- _Raw data_:
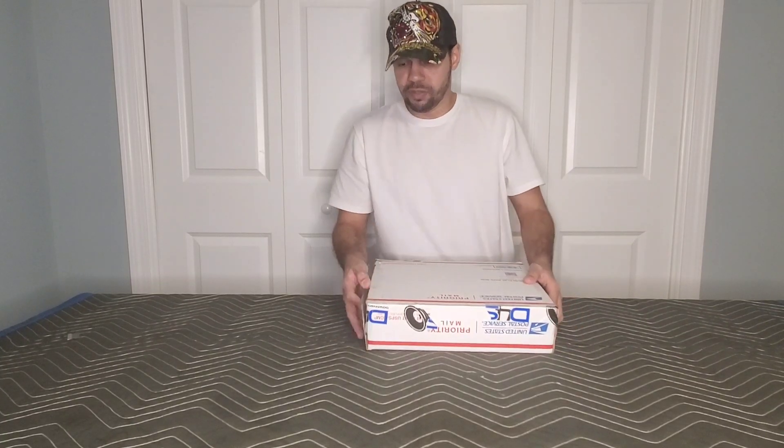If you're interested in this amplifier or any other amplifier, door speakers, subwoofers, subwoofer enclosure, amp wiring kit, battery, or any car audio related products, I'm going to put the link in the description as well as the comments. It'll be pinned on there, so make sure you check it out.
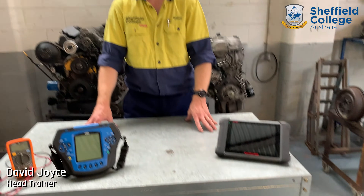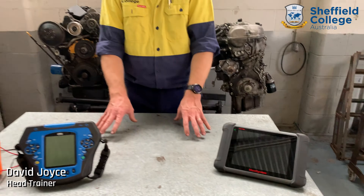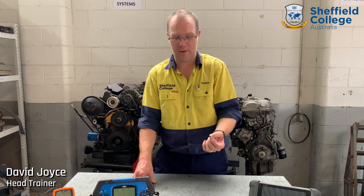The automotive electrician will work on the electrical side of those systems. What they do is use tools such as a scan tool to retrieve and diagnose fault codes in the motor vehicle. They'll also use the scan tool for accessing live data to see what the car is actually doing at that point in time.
* * *
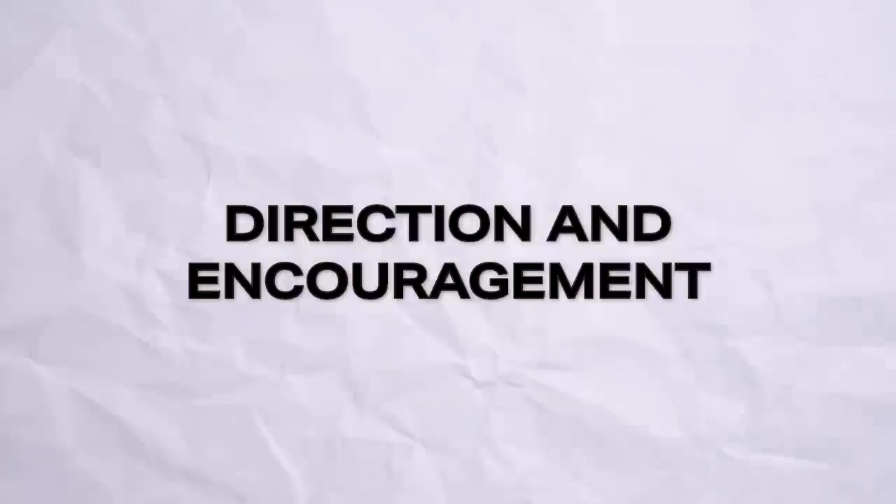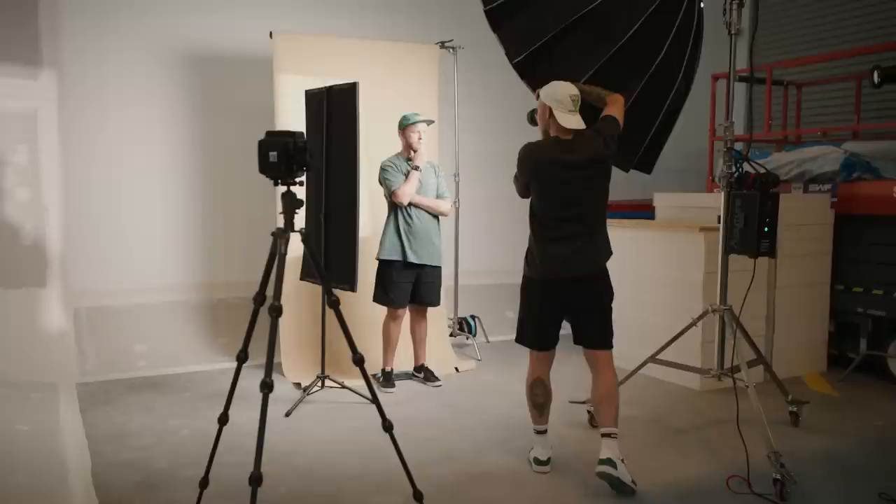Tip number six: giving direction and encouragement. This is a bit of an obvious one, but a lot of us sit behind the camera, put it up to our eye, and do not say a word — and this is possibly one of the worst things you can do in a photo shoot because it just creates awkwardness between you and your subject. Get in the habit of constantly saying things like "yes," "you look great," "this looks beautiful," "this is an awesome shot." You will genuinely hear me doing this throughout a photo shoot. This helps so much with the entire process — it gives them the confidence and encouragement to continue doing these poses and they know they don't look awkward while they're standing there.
...
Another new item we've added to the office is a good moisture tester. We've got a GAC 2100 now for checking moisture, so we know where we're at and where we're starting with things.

- _Exercise details_:
In the entries above, find the line containing "If you're interested" and the line containing "The automotive electrician"; give again exactly those two lines and every line between them, minus the pictures.

- _The answer_:
If you're interested in this amplifier or any other amplifier, door speakers, subwoofers, subwoofer enclosure, amp wiring kit, battery, or any car audio related products, I'm going to put the link in the description as well as the comments. It'll be pinned on there, so make sure you check it out.
The automotive electrician will work on the electrical side of those systems. What they do is use tools such as a scan tool to retrieve and diagnose fault codes in the motor vehicle. They'll also use the scan tool for accessing live data to see what the car is actually doing at that point in time.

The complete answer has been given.